The founder of IMDb has stepped down as CEO almost 35 years after launching the online database for entertainment information. Col Needham will be succeeded by Nikki Santoro, who has been IMDb’s chief operating officer since 2021. Variety earlier reported the news.
IMDb has been criticized by film and TV buffs over the years for, among other things, disbanding its message board community, and launching redesigns of the site they feel were unnecessary and made the site harder to navigate. Amazon bought IMDb back in 1998, and the company claims to have more than 250 million monthly users. Despite complaints, it is perhaps still the best place to find accurate and up-to-date information on casting and in-depth filmography for individual actors.
The company has tried in recent years to keep up with the times and launch new products—Amazon’s well-regarded X-Ray feature on its Prime Video streaming service can display the actors appearing in any moment of a film or TV show, and is powered by IMDb’s database. IMDb also launched a free, ad-supported streaming service of its own called IMDb TV, though that was discontinued in late 2024 and free content was rolled into Prime Video (it is still accessible without paying).
Besides serving as an information database, IMDb does also have reviews and ratings, the latter of which has suffered over the years from review-bombing in which users attempt to manipulate the score of a new release based on some agenda, like targeting an actor they view as “woke.” Reviews meanwhile are oftentimes more entertaining than useful—a user on a movie about horses writing something along the lines of, “I hate movies about horses, 1/10 stars.”
A sad truth about IMDB is that it seems like a case of a website that reached a point that was great and not in need of much refinement. Managers and employees like to keep their jobs, however, and they have investor growth expectations to fulfill, which means they need to keep busy by adding new features. Nobody wants to tell their boss the job is done and there is no more work to do. Eventually that leads to a bloated product with features users do not really need that clutter up the whole product. Craigslist is a good example of a website that knew when to enter maintenance mode, and it remains incredibly popular to this day.
A better way to run IMDb perhaps would have been to look toward its parent company. The user interface of Amazon.com has changed very little over the years. When it creates a new feature like Prime Video, the company silos them inside their own tab. It is not a core feature that is forced on users.
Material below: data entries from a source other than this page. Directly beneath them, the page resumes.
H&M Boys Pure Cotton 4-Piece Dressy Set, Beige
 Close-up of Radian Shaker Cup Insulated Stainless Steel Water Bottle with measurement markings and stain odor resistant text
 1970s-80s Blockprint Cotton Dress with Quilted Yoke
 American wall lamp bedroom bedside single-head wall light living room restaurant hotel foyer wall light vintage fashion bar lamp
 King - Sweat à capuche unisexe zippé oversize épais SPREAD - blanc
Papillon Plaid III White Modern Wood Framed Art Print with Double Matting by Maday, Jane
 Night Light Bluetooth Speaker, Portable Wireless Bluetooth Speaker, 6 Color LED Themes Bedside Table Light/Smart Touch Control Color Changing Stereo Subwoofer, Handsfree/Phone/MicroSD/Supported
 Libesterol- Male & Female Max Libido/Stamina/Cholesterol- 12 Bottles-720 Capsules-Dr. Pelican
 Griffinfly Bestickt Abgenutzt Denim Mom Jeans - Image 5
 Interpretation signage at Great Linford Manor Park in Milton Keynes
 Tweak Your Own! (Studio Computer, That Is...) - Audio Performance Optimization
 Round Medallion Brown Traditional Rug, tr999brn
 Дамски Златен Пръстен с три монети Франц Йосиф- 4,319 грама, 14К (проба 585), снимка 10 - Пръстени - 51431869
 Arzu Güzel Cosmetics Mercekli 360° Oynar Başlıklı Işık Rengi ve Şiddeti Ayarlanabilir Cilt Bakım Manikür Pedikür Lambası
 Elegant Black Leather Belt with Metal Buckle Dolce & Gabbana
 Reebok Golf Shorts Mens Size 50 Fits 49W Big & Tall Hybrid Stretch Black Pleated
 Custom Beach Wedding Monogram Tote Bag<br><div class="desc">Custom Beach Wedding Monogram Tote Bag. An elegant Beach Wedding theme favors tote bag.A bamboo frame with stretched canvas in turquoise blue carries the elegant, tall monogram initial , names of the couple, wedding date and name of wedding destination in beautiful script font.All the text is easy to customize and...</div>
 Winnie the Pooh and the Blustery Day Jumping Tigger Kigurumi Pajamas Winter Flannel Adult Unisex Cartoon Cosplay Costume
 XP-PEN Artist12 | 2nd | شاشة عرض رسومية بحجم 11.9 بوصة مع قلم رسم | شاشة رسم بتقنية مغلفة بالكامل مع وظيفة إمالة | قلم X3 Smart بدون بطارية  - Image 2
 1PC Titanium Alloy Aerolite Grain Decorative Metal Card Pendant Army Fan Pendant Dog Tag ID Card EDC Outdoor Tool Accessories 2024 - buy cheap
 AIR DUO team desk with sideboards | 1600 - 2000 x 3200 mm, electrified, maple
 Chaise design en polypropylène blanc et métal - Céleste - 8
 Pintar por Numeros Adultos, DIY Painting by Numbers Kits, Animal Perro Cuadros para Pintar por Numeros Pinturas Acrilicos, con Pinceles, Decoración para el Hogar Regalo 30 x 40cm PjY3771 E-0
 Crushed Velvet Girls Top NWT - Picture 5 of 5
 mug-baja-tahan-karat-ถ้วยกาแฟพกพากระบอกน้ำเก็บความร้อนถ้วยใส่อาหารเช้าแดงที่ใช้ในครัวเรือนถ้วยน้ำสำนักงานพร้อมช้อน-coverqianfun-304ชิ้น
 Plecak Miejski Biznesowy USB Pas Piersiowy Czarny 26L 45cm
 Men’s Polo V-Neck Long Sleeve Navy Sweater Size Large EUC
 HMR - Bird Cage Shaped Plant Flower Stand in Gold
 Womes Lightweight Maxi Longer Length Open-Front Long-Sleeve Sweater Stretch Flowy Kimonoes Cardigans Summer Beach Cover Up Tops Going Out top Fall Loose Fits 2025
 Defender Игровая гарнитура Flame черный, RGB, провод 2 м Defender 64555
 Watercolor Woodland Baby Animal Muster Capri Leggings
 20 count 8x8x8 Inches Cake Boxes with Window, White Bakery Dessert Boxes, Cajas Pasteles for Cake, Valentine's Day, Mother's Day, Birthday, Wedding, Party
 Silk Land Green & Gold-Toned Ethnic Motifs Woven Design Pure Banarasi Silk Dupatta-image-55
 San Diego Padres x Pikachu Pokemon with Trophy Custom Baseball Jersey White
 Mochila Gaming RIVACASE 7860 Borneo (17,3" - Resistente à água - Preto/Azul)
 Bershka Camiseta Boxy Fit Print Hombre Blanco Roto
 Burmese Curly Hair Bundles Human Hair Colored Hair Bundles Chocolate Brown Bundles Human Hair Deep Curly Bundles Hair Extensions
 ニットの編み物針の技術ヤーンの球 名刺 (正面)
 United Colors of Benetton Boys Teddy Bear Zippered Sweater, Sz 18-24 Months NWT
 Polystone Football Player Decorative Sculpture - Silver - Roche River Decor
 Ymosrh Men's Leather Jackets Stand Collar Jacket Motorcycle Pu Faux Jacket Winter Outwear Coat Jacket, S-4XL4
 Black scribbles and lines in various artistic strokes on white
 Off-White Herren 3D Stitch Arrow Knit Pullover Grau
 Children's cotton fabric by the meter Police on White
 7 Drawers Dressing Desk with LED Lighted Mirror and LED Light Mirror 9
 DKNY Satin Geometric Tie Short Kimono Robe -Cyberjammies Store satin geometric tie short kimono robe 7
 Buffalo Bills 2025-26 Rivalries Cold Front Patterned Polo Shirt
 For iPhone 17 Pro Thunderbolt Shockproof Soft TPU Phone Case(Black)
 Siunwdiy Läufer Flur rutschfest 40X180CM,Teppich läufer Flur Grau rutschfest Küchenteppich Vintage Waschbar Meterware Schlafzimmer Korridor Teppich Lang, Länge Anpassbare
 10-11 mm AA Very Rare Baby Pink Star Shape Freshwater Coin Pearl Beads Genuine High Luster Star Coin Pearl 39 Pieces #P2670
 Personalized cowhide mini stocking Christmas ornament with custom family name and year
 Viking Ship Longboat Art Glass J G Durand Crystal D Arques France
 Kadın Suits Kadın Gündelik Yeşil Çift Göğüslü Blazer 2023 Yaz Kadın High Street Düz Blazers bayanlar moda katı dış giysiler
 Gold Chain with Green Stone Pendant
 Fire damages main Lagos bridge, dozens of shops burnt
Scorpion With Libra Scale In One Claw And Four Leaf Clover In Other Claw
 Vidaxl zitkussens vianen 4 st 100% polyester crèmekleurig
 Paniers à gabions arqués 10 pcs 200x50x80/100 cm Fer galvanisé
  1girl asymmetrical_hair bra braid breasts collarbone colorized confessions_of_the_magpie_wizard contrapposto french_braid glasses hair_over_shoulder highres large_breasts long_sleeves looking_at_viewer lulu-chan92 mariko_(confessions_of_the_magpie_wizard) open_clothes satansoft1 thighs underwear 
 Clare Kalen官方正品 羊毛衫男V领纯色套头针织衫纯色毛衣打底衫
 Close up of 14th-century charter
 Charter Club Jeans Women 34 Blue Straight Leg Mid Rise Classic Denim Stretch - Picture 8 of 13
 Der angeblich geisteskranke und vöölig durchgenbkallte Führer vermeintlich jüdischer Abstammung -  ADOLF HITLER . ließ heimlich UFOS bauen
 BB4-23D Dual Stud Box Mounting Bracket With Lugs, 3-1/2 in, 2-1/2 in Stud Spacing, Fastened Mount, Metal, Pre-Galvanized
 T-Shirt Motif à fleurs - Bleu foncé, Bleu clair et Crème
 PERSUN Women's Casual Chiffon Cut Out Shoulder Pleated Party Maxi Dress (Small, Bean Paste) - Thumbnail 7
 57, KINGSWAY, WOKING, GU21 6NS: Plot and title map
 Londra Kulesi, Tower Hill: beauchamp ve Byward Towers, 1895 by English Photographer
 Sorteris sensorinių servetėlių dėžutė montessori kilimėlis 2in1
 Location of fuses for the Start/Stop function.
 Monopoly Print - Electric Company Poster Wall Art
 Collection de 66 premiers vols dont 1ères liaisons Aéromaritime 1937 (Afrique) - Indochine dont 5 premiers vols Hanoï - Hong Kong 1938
The lasting nature of IMDb goes to show how hard it is to kill a website that reaches critical mass solving a need and solving it well. Sites like Yahoo! and X remain large properties despite years of mismanagement and chaos, for instance.
Letterboxd has slowly gained steam as a viable competitor to IMDb, though it still appears to be much smaller in size.
Needham has said IMDb grew out of a personal movie database he created as a teenager, combined with similar data he collected online starting in the late 1980s.